[Records for the task]
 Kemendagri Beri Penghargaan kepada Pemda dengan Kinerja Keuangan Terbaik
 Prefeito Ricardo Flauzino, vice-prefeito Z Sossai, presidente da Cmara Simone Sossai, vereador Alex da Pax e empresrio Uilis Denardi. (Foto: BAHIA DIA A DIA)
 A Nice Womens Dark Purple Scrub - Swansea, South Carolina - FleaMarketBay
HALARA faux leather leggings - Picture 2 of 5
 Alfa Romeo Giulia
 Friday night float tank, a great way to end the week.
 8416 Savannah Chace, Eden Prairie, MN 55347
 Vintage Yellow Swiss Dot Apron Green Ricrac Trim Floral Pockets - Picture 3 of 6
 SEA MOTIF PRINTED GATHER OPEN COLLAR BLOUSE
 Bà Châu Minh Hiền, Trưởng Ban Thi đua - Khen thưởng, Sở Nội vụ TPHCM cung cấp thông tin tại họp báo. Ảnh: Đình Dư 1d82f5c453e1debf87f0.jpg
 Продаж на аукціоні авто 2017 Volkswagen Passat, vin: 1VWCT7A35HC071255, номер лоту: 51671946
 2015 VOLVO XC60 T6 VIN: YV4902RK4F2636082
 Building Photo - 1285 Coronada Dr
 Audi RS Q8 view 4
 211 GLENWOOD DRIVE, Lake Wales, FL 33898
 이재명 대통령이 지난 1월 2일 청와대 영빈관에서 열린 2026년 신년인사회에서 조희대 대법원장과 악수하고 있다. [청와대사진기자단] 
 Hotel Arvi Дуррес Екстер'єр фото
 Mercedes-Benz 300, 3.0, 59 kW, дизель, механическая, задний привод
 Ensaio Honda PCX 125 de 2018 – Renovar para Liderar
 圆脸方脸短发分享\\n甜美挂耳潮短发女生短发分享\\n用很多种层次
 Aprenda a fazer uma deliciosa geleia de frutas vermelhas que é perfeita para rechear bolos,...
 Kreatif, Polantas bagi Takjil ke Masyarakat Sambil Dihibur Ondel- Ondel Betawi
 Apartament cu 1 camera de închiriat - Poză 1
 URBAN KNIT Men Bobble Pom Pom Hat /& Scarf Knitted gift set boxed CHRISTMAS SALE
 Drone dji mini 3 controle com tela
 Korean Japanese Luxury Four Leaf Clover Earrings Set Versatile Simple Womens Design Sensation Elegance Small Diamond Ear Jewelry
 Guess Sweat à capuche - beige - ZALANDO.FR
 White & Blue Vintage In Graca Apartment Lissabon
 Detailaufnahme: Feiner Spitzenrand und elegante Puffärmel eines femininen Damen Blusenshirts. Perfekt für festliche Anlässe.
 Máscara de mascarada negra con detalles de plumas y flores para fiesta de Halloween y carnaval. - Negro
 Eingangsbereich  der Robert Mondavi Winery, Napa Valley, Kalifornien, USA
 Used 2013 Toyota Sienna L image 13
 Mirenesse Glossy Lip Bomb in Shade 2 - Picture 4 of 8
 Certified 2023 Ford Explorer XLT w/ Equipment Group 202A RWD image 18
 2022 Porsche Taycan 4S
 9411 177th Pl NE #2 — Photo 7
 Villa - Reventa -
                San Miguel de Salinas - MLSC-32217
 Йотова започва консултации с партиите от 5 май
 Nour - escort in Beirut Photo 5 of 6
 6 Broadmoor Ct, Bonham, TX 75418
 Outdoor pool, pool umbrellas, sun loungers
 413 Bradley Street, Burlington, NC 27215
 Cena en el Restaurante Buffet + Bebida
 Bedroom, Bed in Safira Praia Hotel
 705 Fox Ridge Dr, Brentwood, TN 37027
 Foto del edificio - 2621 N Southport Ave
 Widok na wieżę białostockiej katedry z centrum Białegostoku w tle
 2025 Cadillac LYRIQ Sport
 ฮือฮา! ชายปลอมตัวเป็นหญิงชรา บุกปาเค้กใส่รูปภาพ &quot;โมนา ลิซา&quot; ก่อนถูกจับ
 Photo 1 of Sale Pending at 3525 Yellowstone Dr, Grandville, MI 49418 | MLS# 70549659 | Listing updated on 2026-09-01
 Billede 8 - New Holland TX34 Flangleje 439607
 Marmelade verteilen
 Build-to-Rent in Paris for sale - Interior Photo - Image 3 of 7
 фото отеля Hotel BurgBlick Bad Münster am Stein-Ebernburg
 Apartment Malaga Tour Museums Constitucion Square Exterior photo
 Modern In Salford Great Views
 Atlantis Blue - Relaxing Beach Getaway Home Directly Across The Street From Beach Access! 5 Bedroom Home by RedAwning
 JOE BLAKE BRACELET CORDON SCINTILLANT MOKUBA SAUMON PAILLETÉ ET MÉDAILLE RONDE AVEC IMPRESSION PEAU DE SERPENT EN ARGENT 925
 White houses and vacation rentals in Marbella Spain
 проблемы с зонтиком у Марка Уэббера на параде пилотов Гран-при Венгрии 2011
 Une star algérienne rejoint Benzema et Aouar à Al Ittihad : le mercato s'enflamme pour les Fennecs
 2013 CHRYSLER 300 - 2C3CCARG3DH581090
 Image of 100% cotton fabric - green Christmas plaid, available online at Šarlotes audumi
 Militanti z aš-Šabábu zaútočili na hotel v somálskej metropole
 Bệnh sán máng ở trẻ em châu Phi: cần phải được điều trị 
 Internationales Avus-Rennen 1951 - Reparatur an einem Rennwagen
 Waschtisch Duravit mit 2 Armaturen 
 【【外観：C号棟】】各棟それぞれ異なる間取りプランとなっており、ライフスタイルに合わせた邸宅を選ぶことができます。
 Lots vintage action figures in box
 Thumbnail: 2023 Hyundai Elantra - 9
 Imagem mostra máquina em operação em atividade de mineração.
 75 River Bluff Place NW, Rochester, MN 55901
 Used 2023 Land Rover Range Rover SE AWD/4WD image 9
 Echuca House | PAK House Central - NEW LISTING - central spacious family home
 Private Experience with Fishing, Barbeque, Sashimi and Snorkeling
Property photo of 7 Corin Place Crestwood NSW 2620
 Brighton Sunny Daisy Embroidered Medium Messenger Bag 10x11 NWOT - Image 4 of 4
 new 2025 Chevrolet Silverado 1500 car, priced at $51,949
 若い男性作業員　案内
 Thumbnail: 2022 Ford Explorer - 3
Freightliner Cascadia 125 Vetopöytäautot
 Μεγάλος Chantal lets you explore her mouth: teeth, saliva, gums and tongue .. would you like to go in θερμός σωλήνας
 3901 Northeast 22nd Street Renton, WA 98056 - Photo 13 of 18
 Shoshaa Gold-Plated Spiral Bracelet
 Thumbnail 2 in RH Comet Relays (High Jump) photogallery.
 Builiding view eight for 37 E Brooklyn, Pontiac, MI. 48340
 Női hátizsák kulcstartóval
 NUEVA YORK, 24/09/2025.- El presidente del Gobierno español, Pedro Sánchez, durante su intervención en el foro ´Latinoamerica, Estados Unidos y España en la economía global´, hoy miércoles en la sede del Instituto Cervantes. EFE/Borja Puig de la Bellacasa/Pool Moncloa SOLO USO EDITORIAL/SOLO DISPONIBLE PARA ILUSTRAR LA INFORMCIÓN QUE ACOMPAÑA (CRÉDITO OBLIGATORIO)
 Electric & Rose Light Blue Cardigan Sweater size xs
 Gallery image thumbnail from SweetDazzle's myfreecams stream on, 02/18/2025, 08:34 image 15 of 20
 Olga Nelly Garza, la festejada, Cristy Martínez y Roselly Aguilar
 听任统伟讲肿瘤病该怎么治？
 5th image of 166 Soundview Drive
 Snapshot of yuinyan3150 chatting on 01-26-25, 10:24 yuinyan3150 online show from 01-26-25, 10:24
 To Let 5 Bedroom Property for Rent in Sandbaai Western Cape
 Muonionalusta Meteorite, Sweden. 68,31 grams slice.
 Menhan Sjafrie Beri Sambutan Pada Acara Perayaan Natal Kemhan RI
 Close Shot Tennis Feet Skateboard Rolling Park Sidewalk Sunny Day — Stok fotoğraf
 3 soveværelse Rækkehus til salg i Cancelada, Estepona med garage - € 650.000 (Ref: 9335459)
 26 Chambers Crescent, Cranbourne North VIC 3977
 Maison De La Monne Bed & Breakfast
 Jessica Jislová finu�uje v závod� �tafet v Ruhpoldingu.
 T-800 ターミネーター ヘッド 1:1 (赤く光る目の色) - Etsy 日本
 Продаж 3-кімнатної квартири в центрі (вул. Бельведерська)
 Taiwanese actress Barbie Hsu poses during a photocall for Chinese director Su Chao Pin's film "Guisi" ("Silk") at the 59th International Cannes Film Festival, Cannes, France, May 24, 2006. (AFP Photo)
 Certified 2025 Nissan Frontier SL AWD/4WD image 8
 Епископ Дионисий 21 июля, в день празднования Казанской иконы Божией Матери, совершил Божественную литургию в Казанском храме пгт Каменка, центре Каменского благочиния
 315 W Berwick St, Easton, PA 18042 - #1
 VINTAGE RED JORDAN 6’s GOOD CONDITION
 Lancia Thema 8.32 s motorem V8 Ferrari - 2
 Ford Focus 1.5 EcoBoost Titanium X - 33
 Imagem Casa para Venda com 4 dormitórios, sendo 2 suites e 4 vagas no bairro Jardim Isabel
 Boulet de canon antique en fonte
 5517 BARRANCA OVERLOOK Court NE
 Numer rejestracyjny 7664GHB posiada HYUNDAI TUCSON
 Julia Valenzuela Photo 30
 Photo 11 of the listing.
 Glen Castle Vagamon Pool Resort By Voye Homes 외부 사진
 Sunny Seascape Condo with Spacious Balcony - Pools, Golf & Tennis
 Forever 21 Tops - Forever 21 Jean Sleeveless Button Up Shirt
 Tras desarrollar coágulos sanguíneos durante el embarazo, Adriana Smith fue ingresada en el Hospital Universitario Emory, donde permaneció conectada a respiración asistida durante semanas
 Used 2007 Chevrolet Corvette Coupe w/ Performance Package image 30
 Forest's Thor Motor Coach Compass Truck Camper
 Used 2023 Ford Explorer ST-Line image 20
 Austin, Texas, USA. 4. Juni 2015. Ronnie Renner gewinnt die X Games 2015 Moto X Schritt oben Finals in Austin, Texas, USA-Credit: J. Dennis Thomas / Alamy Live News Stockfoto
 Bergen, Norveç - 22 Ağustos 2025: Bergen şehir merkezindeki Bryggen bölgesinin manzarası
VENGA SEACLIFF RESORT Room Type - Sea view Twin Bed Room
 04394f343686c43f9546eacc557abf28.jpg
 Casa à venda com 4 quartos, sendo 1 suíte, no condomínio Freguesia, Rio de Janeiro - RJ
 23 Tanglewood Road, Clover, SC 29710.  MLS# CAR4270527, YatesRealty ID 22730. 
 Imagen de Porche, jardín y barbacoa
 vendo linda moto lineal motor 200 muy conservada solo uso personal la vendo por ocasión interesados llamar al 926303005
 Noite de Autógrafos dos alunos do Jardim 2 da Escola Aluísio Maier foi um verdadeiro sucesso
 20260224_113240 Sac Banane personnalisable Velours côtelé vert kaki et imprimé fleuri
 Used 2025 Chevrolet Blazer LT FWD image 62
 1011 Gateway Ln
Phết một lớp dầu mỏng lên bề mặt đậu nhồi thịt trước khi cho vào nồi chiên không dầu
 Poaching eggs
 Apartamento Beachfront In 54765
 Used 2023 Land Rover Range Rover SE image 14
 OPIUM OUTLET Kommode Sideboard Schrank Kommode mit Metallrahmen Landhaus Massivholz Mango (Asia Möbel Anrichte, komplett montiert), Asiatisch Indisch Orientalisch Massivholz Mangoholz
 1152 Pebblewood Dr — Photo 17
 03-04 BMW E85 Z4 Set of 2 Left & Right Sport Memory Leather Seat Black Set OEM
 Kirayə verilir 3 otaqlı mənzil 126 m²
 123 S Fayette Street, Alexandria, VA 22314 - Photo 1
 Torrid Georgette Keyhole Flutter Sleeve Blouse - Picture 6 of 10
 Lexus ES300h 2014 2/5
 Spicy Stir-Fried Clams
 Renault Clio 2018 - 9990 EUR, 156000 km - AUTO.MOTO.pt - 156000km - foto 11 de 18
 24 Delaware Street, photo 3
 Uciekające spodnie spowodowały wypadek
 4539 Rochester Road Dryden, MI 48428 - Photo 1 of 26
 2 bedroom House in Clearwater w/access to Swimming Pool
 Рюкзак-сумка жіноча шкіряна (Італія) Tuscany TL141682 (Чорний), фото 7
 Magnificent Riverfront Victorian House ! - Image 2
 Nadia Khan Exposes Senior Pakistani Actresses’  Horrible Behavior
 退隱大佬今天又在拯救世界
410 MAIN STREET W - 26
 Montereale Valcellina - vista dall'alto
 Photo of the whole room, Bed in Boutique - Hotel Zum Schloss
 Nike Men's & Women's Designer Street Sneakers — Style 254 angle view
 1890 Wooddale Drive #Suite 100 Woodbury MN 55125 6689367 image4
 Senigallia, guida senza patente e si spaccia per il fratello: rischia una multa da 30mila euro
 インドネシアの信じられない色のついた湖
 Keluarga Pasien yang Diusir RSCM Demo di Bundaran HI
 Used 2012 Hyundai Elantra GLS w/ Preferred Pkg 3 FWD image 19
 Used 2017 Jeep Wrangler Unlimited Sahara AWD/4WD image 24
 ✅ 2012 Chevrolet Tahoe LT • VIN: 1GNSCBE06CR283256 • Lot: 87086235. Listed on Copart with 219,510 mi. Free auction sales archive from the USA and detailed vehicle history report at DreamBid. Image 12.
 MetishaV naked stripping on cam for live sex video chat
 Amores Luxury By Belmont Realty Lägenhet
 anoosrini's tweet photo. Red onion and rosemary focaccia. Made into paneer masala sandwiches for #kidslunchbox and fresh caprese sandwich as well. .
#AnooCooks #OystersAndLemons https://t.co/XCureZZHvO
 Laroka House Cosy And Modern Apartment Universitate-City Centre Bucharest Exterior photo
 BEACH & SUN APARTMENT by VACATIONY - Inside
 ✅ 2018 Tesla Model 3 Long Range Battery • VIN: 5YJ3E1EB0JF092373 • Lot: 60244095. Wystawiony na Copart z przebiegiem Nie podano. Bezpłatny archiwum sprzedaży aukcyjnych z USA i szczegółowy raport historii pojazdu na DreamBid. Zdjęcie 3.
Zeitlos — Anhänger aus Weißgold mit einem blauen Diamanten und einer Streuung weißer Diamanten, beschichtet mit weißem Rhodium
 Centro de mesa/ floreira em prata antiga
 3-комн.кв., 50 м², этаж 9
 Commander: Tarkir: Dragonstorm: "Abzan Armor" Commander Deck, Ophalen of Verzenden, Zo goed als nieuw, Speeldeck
[/Records for the task]
§ **Required work**
The first line of the entries above and every line after it, up to and including the line with "A Nice Womens", should be set down exactly.

§ **Answer space**
 Kemendagri Beri Penghargaan kepada Pemda dengan Kinerja Keuangan Terbaik
 Prefeito Ricardo Flauzino, vice-prefeito Z Sossai, presidente da Cmara Simone Sossai, vereador Alex da Pax e empresrio Uilis Denardi. (Foto: BAHIA DIA A DIA)
 A Nice Womens Dark Purple Scrub - Swansea, South Carolina - FleaMarketBay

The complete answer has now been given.